Das sind auch Fragen, die sich viele vor allem jüngere Antifaschisten heute wieder stellen. Manche wünschen sich wieder eine Organisierung, die nicht einfach zum linken Flügel von SPD und Grünen wird. Unter dem Aufruf "Zeit zum Handeln" haben verschiedene Antifagruppen einen Aufruf veröffentlicht, um die Diskussion über einen Antifaschismus jenseits des Linksliberalismus anzuregen.

Dort heißt es:

Wenn es unsere Analyse ist, dass der Aufstieg von AfD und Co. nicht zufällig mit der mehr und mehr spürbar werdenden Krise zusammenfällt, ist die naheliegende Folgerung, dass ein Aufhalten, bzw. Umkehren des Rechtsrucks nur durch eine bereite antikapitalistische Bewegung geschafft werden kann. (...)

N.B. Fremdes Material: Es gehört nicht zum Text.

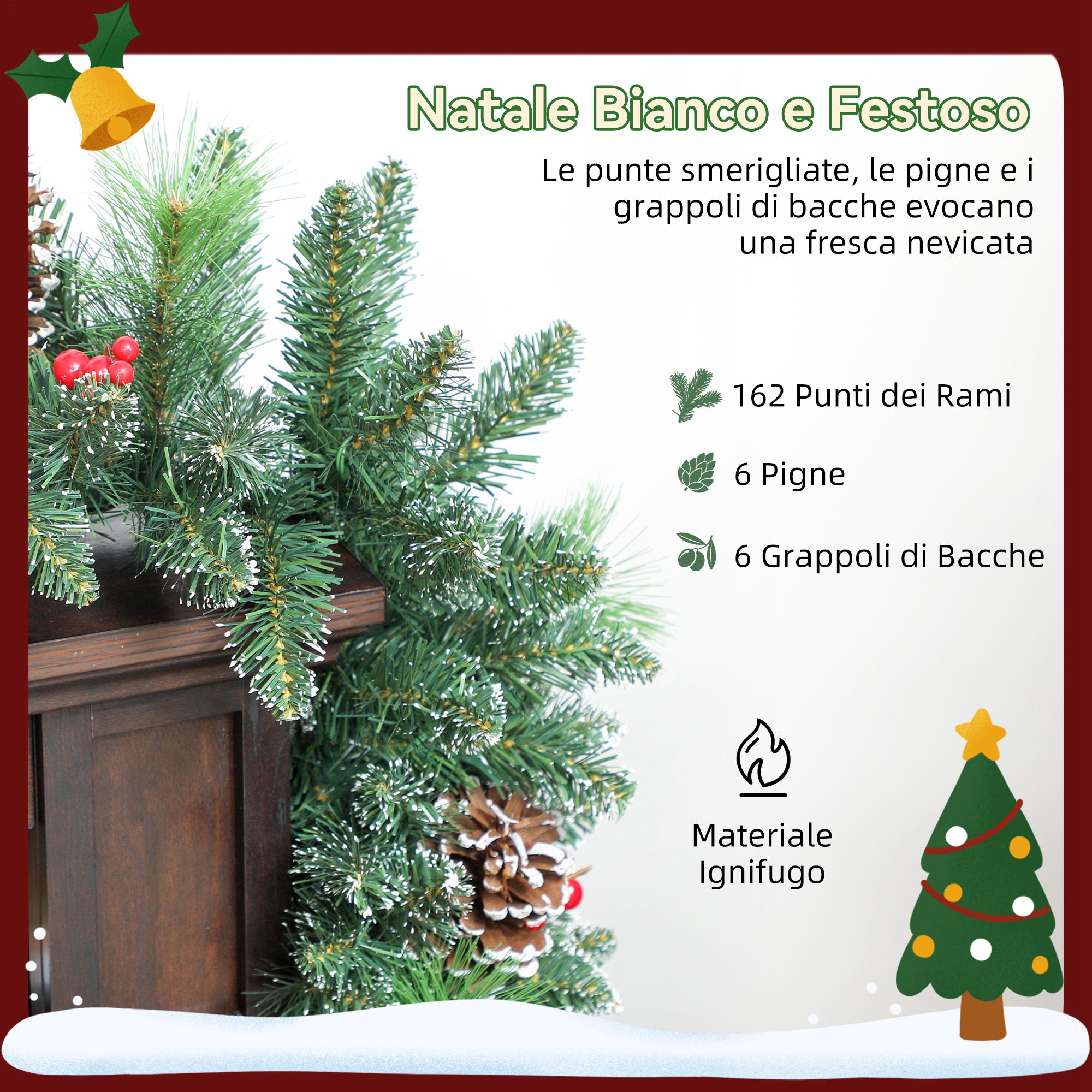 180cm Christmas Garland with Snow-Covered Branches and 30 White Lights, Pine Cones and Berries for Indoors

Das sehen aber nicht alle so. Die liberalen und sozialdemokratischen Parteien wollen von den Ursachen des Rechtsruck nichts wissen, müssten sie sich doch damit eingestehen, selbst Teil des Problems und nicht der Lösung zu sein. Ganz zu Schweigen davon, dass sie gerade einige der menschenverachtenden Forderungen der Rechten selbst umsetzen.

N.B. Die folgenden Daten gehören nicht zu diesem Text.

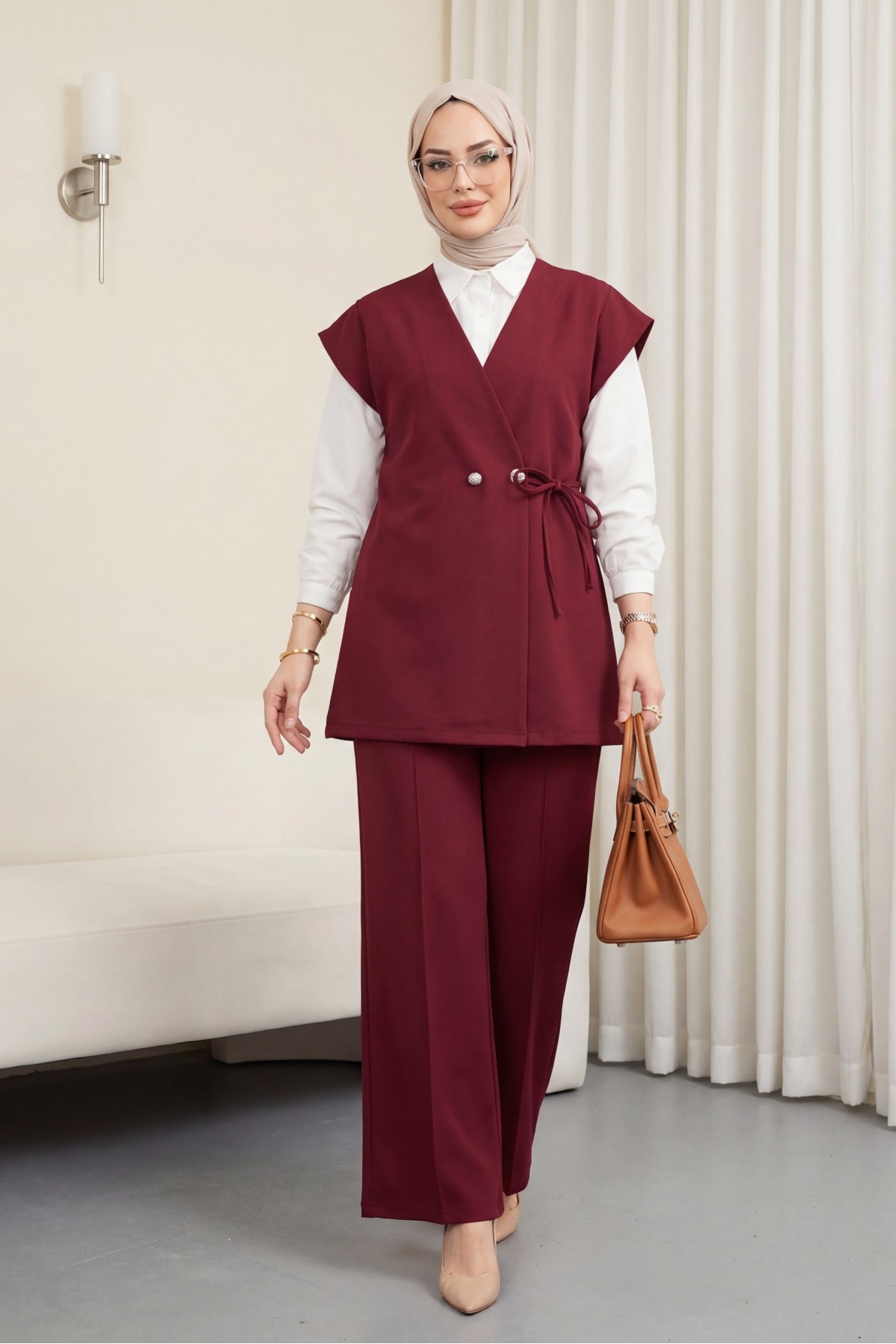 Düğme Detaylı Çift Bağcıklı Yelek Pantolon Double Krep Takım -Bordo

Aus dem Aufruf "Zeit zum Handeln"

Einige Antifagruppen sehen in dem Aufruf zu viel revolutionären Antifaschismus. Beiden Seiten geht es dabei erfreulicherweise nicht um mehr Militanz gegen Rechte, sondern um die Frage, ob es reicht, gemeinsam mit Grünen und SPD gegen die AfD vorzugehen – und dann vielleicht in Thüringen eine Koalition aus BSW und CDU zu bekommen, die ebenfalls in vielen Bereichen rechte Politik macht.

Sie fragen sich, ob es nicht an der Zeit ist, einen Satz von Horkheimer abgewandelt ernst zu nehmen, nämlich von Kapitalismus nicht zu schweigen, wenn man den Faschismus bekämpfen will. Vielleicht kann der Film dazu beitragen, dass eine solche wichtige Diskussion über Perspektiven der Antifa-Bewegung auch mit Menschen geführt wird, die bereits vor 30 Jahren gegen die Rechten aktiv waren und verschiedene Organisationsansätze sowie deren Grenzen erlebt haben.

Ihre Erfahrungen könnten für aktuelle Organisationsdebatten wichtig sein und auch einer Mystifizierung der Antifa-Bewegung der 1990er Jahre vorbeugen. Ein kleiner Kritikpunkt sei am Ende noch genannt: Es gab im Film eine kurze Szene mit einer Jugend-Antifa, die sich Ende der 1980er-Jahre in Hamburg-Bergedorf gegründet hat und wohl vor allem aus Arbeiterjugendlichen bestand.

Sie hatte sich die Aufgabe gestellt als "rote Cops" den Rechten die Grenzen zu setzen, die ihnen die offizielle Polizei ihrer Meinung nach nicht setzte. Leider spielt diese Gruppe später im Film keine Rolle mehr. Dabei wäre es interessant gewesen, zu erfahren, was aus ihr geworden ist, da ihr Ansatz durchaus auch heute noch Anhänger hat und sie doch eigentlich einen Anspruch in ihrem antifaschistischen Handeln formulierten, der perfekt zum Untertitel des Films passte: "Schulter an Schulter, weil der Staat versagt".